Dataset extract
------------------------------------------------
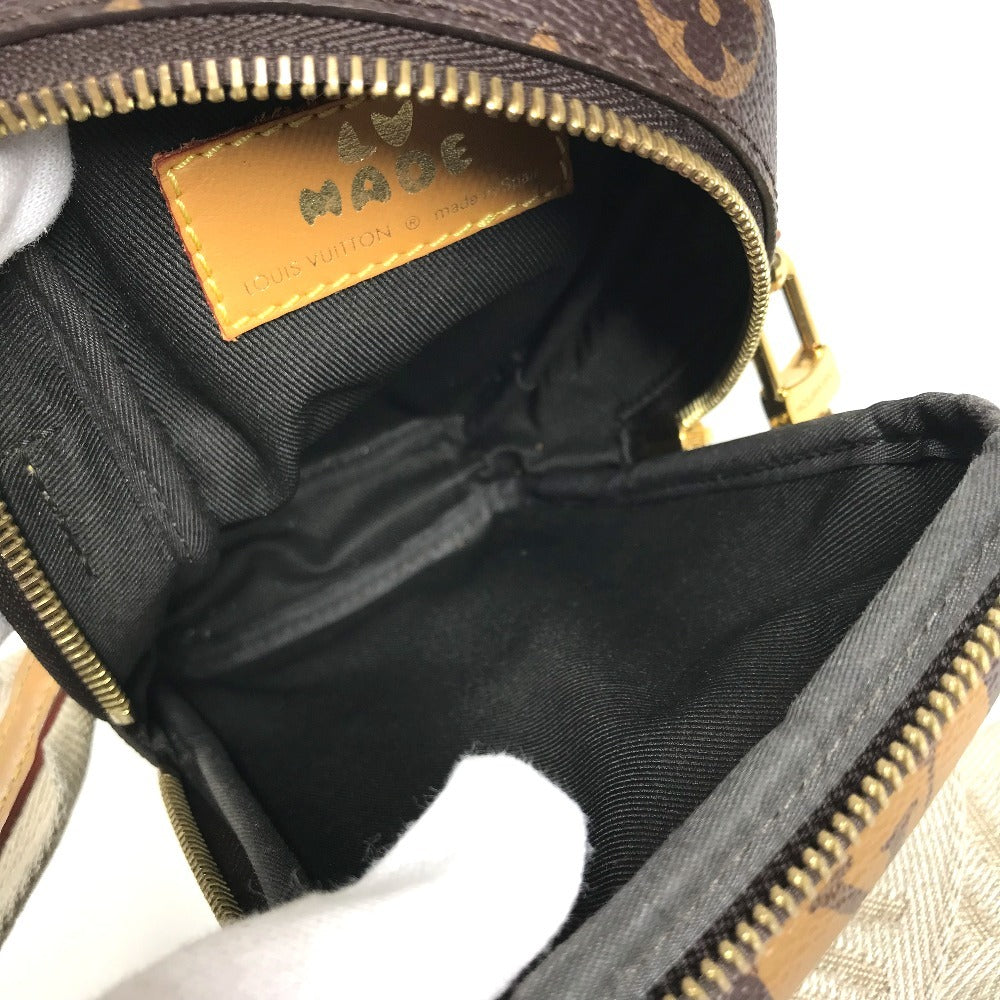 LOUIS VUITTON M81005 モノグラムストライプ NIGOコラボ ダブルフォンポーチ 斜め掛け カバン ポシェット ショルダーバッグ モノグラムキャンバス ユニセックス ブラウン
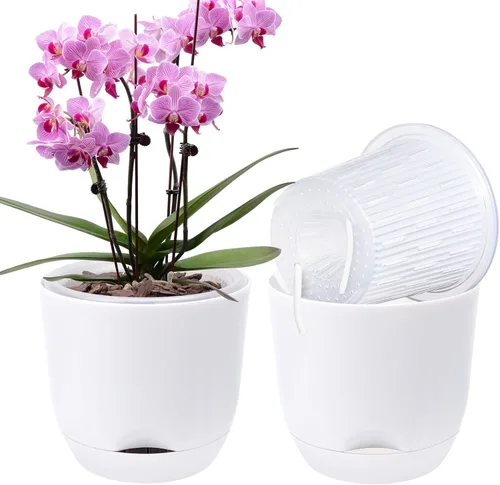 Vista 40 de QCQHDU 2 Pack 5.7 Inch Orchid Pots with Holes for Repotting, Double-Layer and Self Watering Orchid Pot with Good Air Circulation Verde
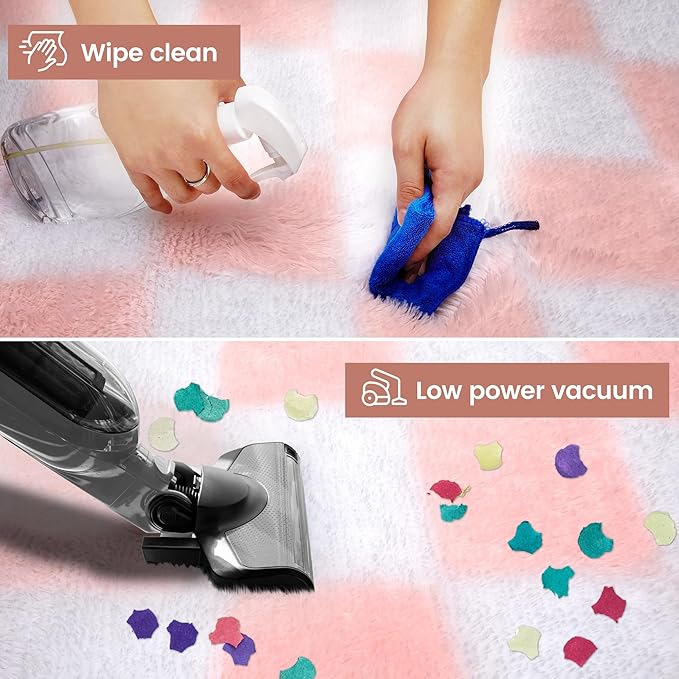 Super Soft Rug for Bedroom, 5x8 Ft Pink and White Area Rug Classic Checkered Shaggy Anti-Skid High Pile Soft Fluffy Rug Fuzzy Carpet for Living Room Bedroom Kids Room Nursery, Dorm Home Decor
------------------------------------------------
The task
Would you return the material exactly, images excluded?

Output for this task
 LOUIS VUITTON M81005 モノグラムストライプ NIGOコラボ ダブルフォンポーチ 斜め掛け カバン ポシェット ショルダーバッグ モノグラムキャンバス ユニセックス ブラウン
 Vista 40 de QCQHDU 2 Pack 5.7 Inch Orchid Pots with Holes for Repotting, Double-Layer and Self Watering Orchid Pot with Good Air Circulation Verde
 Super Soft Rug for Bedroom, 5x8 Ft Pink and White Area Rug Classic Checkered Shaggy Anti-Skid High Pile Soft Fluffy Rug Fuzzy Carpet for Living Room Bedroom Kids Room Nursery, Dorm Home Decor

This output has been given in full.